Task item:
Down to the last line, set down the listing below exactly, apart from its pictures.

Information shown:
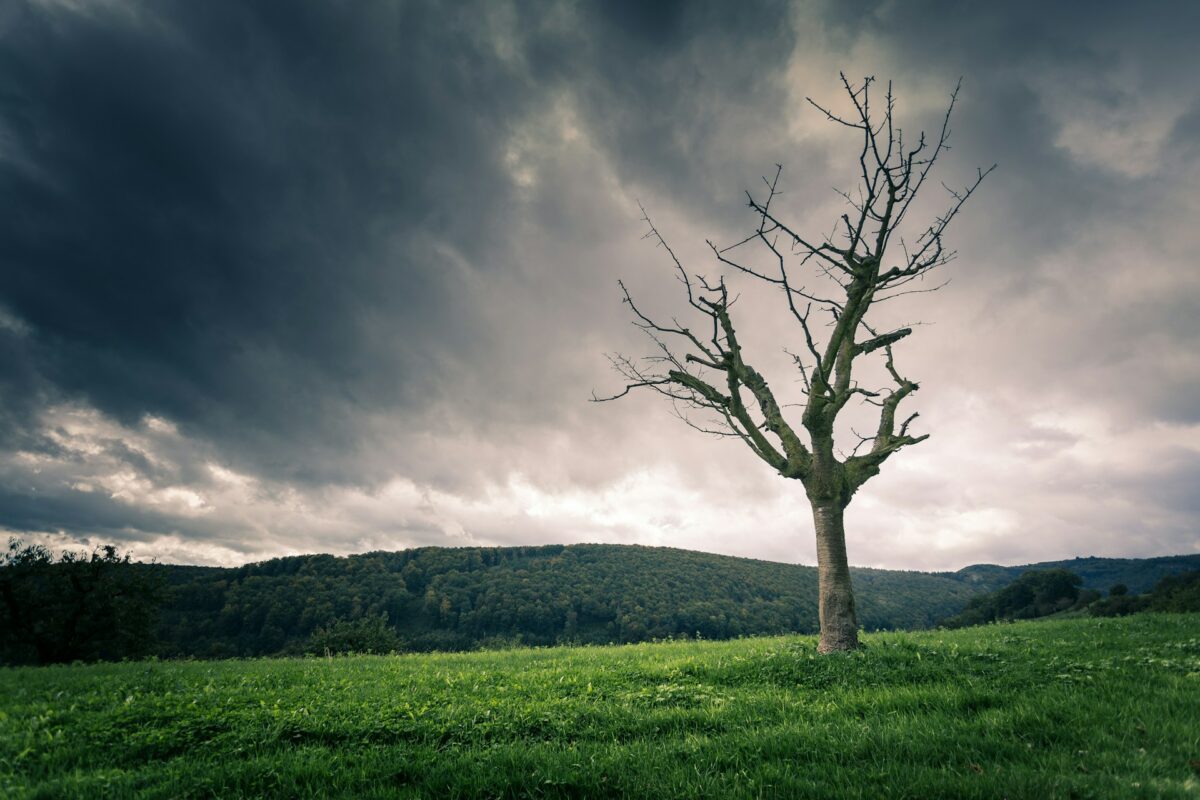 arbre mort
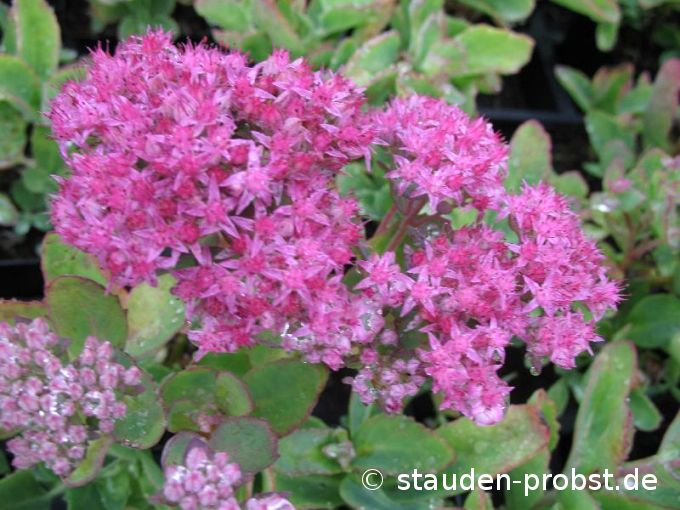 Sedum spectabile 'Carl' - Fetthenne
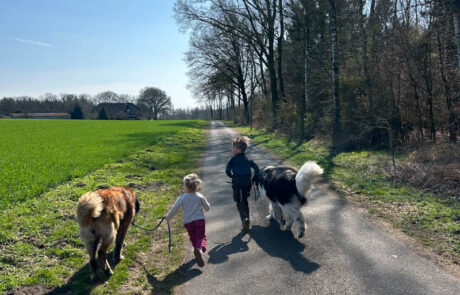 Spaziergang mit zwei Kindenr und Hunden bei sonnigem Wetter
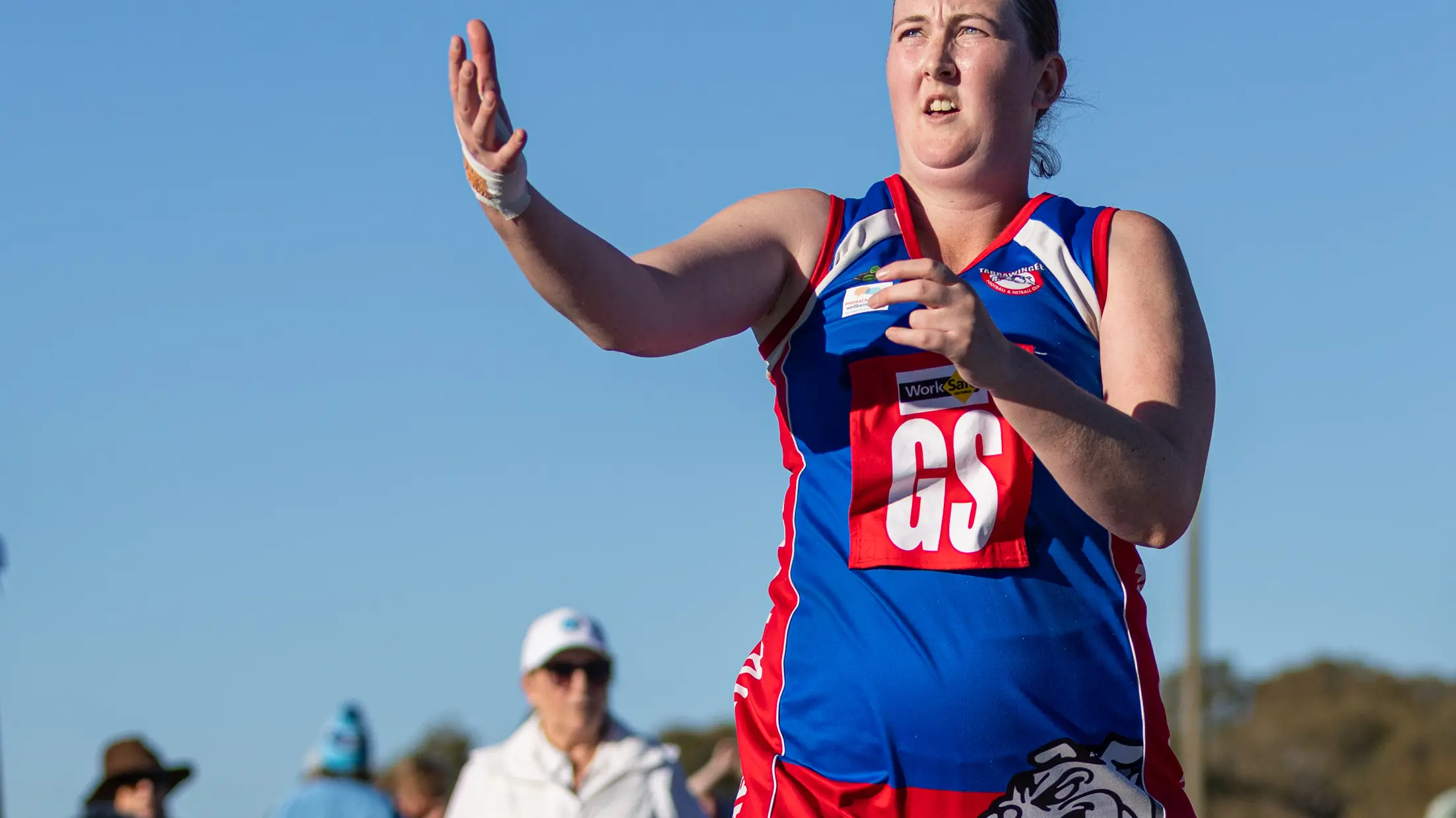 Dogs defeat Blues to round out first half of season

Response to this task:
 arbre mort
 Sedum spectabile 'Carl' - Fetthenne
 Spaziergang mit zwei Kindenr und Hunden bei sonnigem Wetter
 Dogs defeat Blues to round out first half of season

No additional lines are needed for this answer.